Law360 ran a piece today including some of my thoughts that the long-term significance of these cases will be the extent to which they clarify the Board's ability to engage in broad rulemaking without legislative action:
"Certainly if the board's notice posting rule is upheld, there will be new obligations that employers will have to comply with, but it will be also be a court endorsement of fairly broad rulemaking authority on the part of the board," Seth Borden of McKenna Long & Aldridge LLP said.
The piece included similar sentiments from others. Amanda Wood, of the National Association of Manufacturers, a litigant in the case:
argued the case could have broad implications for employers, saying, "If the board is permitted to issue a rule that requires a poster, what will come out of the board next in terms of rulemaking? If this is overstepping and they're permitted to do it, where will they go next?"

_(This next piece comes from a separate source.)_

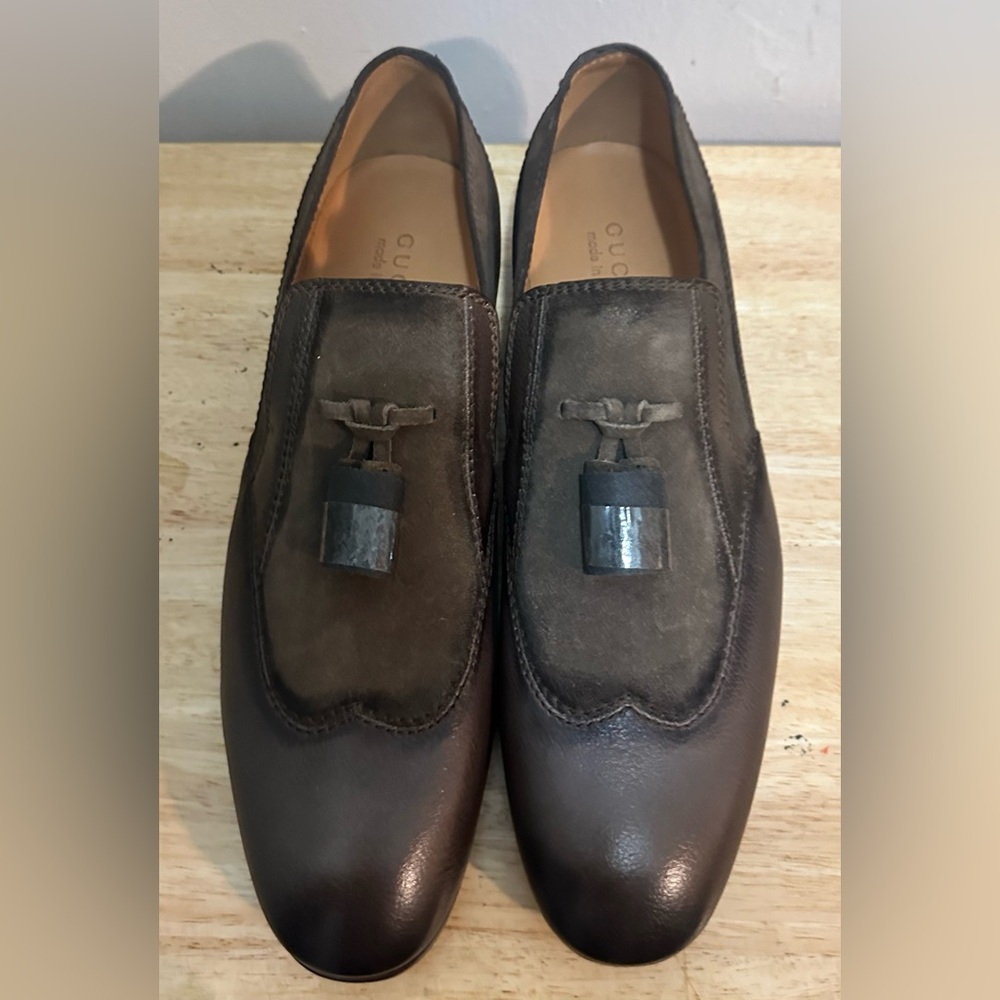 BNIB Gucci Men’s Loafers in Mink Grey Suede and Leather. Size 10.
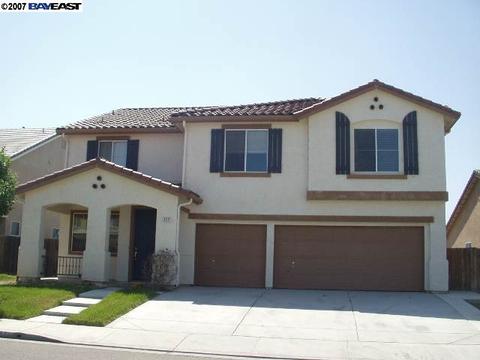 717 Skimmer Dr, Patterson, CA 95363 photo 1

Harold R. Weinrich of Jackson Lewis LLP explained some of the "political" and practical impact thus:
"This rulemaking initiative is very important to the NLRB, and they invested a lot of time, energy, money and resources in it, so obviously if it is not successful, it is going to be a big blow to them," Weinrich said. "If it is successful, we shall see more of it, and if it is not, then the NLRB will go back to its more typical adjudication of issues on a case by case basis."
Short term, of course, the rule remains enjoined. The November elections will play an intervening role as well. If Governor Romney wins the White House, it is almost certain the Board he appoints would rescind this rule; and, if President Obama is re-elected, this matter will continue to wind through the courts for final determination.
In the meantime, federal contractors should be aware that these developments have no impact on their obligation to post a similar notice as required by Executive Order 13496.